Project

The etsh project is hereby dedicated to the individuals at Bell Labs who started the UNIX ball rolling in 1969.

The objective of the etsh project is to honor our shared computing history by maintaining two different ports of the original sh(1) as it appeared in Version 6 (V6) UNIX. One of the ports, etsh, contains enhancements to make it usable as an interactive login shell while also remaining backward compatible. The other port, tsh, simply provides a backward-compatible user interface without any obvious enhancements. In addition, the shell utilities necessary for globbing and flow control in shell scripts (aka command files) are also included.

The etsh project should build successfully on any POSIX-compliant UNIX system. It builds successfully on DragonFly BSD, FreeBSD, Mac OS X, NetBSD, OpenBSD, OpenIndiana (Supported? Yes!!), and a variety of GNU/Linux systems at the time of the latest release.

Developer

I, Jeffrey Allen Neitzel, have been the principal developer and maintainer of the etsh project since July 2003. Also, see the AUTHORS file for further information about the origins of this software.

I have been using some type of UNIX-like system for my daily computing needs since at least 1999, always using open-source systems whenever possible. Granted, I did use Mac OS X as my main system between 2005 and 2016 even though it is not completely open source. Today though, I am a happy OpenBSD user yet again. Thus, today, I do virtually all of my coding on a combination of OpenBSD, NetBSD, and GNU/Linux for this and a variety of other reasons.

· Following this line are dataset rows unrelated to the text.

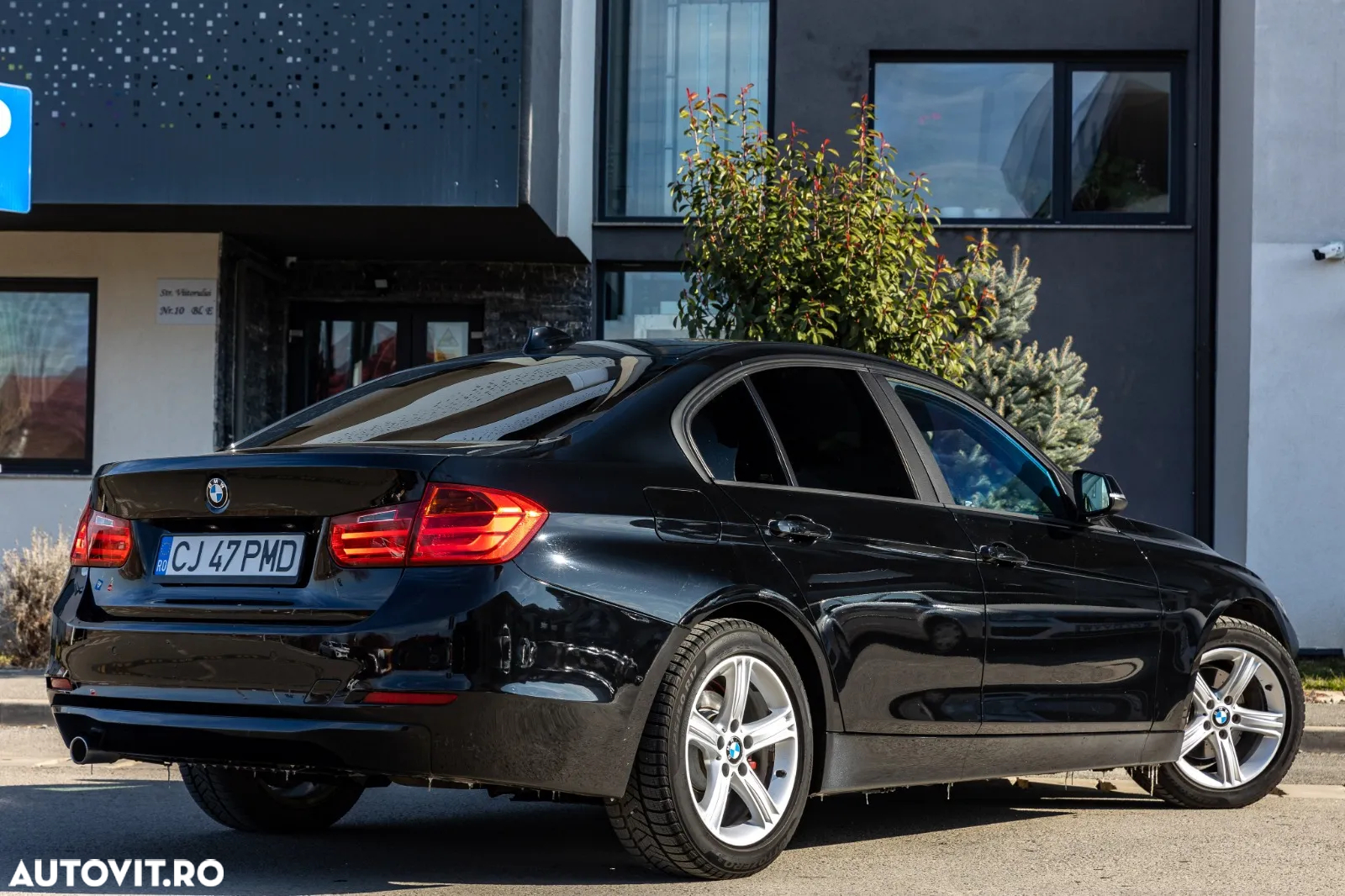 BMW Seria 3 - 8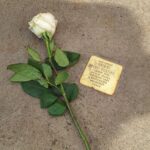 Sant Feliu de Guíxols col·loca 10 llambordes Stolperstein per recordar els deportats als camps nazis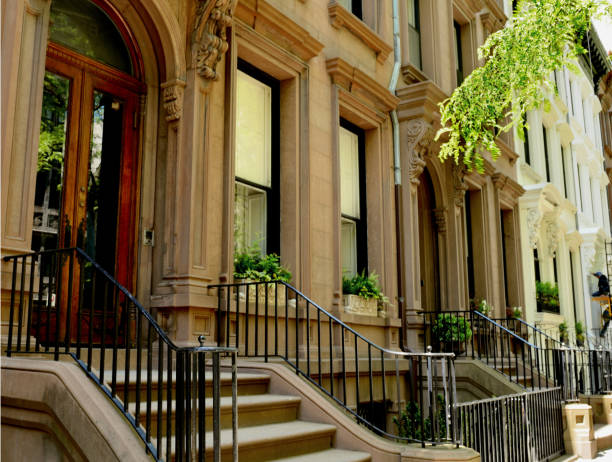 brownstones, park slope, brooklyn, new york. - brooklyn row house townhouse house foto e immagini stock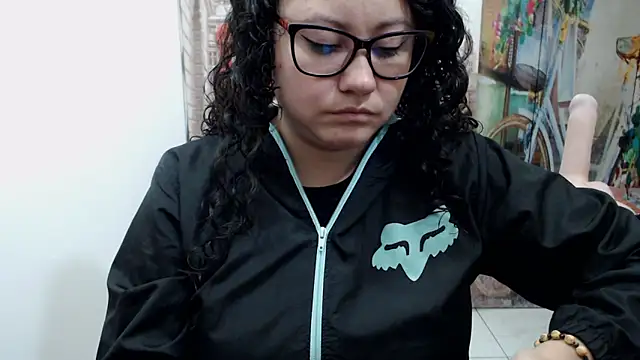 Snapshot of greeneyes_nurse chatting on September 27, 2:19 am greeneyes nurse online show from September 27, 2:19 am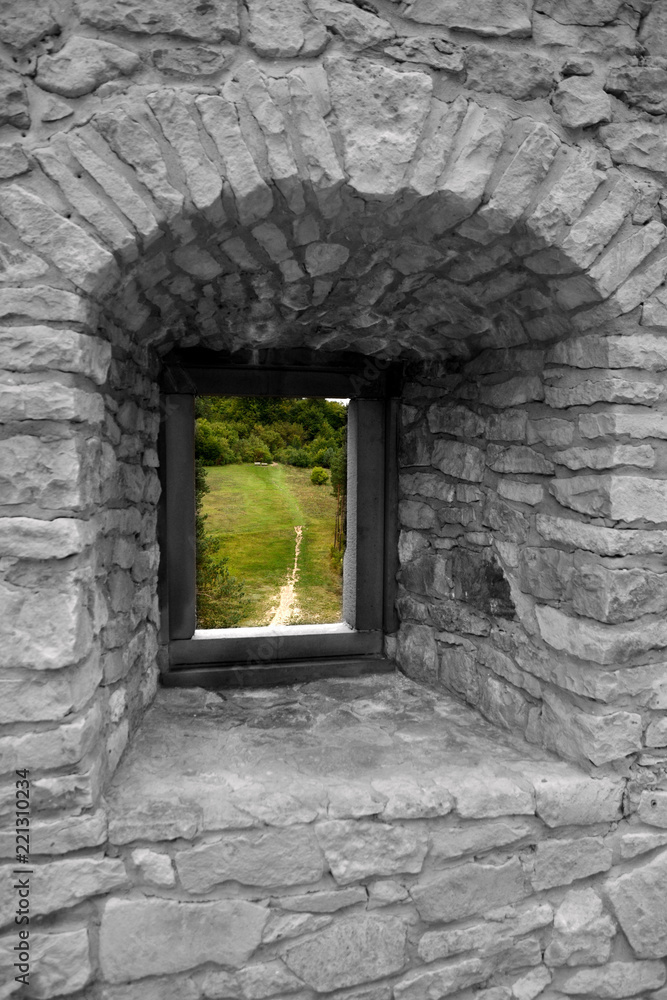 Fototapeta Okno w zamku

For anyone who may be curious, I am a member of humanity who lives on a little planet called Earth. See my for further information about this particular Earthling (and what I do & think about when not working on etsh) if you like.

Acknowledgments

I wish to thank Dennis Ritchie, Ken Thompson, Gunnar Ritter, and the individuals at The UNIX Heritage Society (TUHS), without whose previous work, the etsh project would not exist.